Wilfred’s answer was in that low, tremulous voice, which would have hinted to a more experienced listener that his sympathies were deeply stirred by the story he was telling.
“She climbed up on the great wheel, lad, and sat upon the rim of it; and she did off her fur cloak, and laid it over her dying lord; and when that served not, so strong was the shivering which had seized him, she stripped off her gown, and spread that over him likewise. And when in his death-thirst he craved for water, she clomb down again, and drew from the well in her shoe, for she had nought else:—and there sat she, all that woeful night, giving him to drink, bathing his brows, covering his wounds, whispering holy and loving words. And when the morrow brake, there below were the throng, mocking her all they might, and calling her by every evil name their tongues might utter.”
“How could she hear it, and abide?” (bear) broke forth Bertram.
“Did she hear it?” answered Wilfred in the same low voice. “Ah, child! love is stronger than death. So, when all was over—when Count Rudolph’s eyes had looked their last upon her—when his voice had whispered the last loving word—‘Gertrude, thou hast been faithful until death!’—and it was not till high noon—then she laid her hand upon his eyes, and clomb down from the wheel, and went back to her void and lonely home. Boy, I never heard of any woman greater than Gertrude von der Wart.” (Note 2.)
“I marvel how she bare it!” said Bertram, under his breath.
“And to worsen her sorrow,” added Wilfred, “when day brake, came the Duke’s Grace of Austria, and his sister, Queen Agnes of Hungary, and all their following, to behold the scene—men and women amongst whom she had dwelt, that had touched hand or lip with her many a time—all mocking and jibing. Methinks that were not the least bitter thing for her to see—if by that time she could see anything, save Rudolph in his agony, and God in His Heaven.”
“And after that—she died, of force?” said Bertram, clinging still to the proper and conventional close of the tale.

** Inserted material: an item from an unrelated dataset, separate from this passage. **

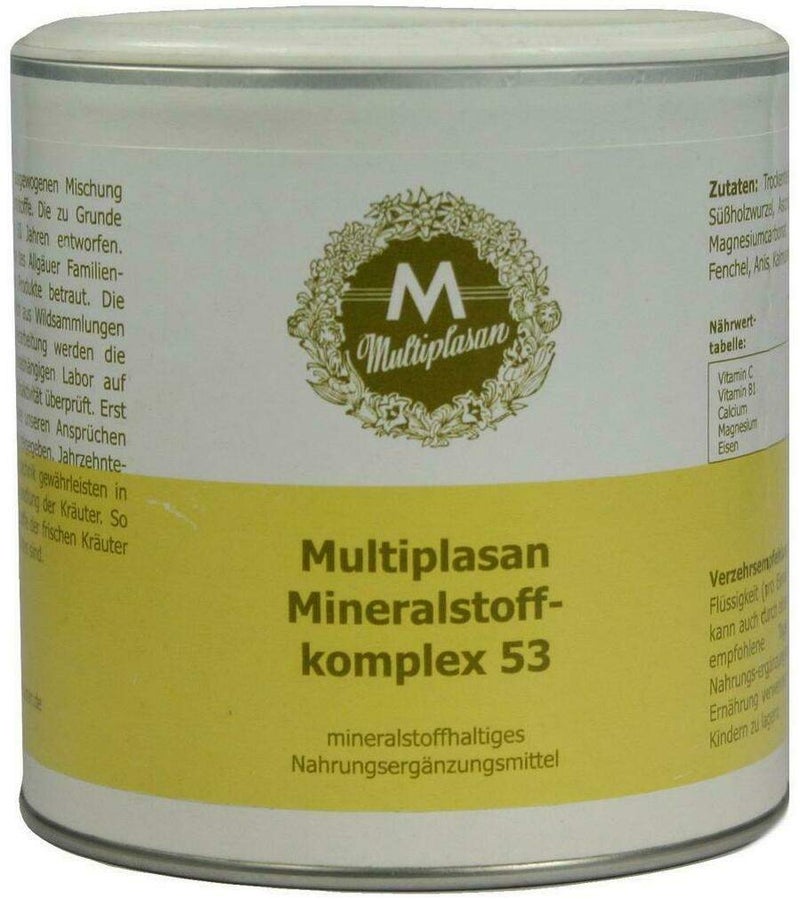 Multiplasan Mineralstofflkomplex 53 Pulver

“She was alive thirty years thereafter,” replied Wilfred quietly, turning his attention to a bunch of leaves which ended a bough of his tree.
Bertram privately thought this a lame and impotent conclusion. For a few minutes he sat thinking deeply, while Wilfred sketched in silence.

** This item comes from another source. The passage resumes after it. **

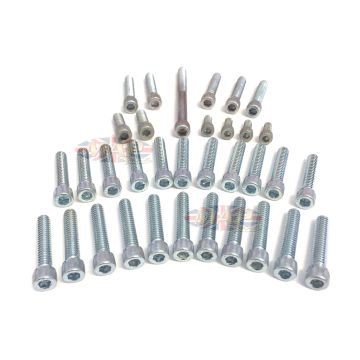 Norton Commando MKIII, Allen-Head, Side Cover Screw Set MAP3125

“Father Wilfred!” the boy broke forth at last, “why letteth God such things be?”
“If thou canst perceive the answer to that, lad, thou hast sharper sight than I. God knoweth. But what He doth, we know not now. Passing that word, none other response cometh unto us from Him unto whose eyes alone is present the eternal future.”
“Must we then never know it?” asked Bertram drearily.
“Ay—‘thou shalt know hereafter.’ Yet this behest (promise) is given alonely unto them that sue the Lamb whithersoever He goeth above; and they which begin not that suing through the mire of the base court, shall never end it in the golden banquet hall.”
“But what is it to sue the Lamb?” replied Bertram almost impatiently.
Wilfred laid down his pen, and looked up into the boy’s face, with one of his sweet smiles flitting across his lips. The sketch was finished at last.
“Dear lad!” he said lovingly, “Bertram Lyngern, ask the Lamb to show thee.”
Note 1. A title at this time restricted to the Emperor of Germany. The first English King to whom it was applied, was Richard the Second. It is often said that Henry the Eighth was the first to assume it, but this is an error.
Note 2. It is surely not the least interesting association with the Castle of the Wartburg, whose best-known memories are connected with Luther, to remember that it was the home of Rudolph and Gertrude von der Wart.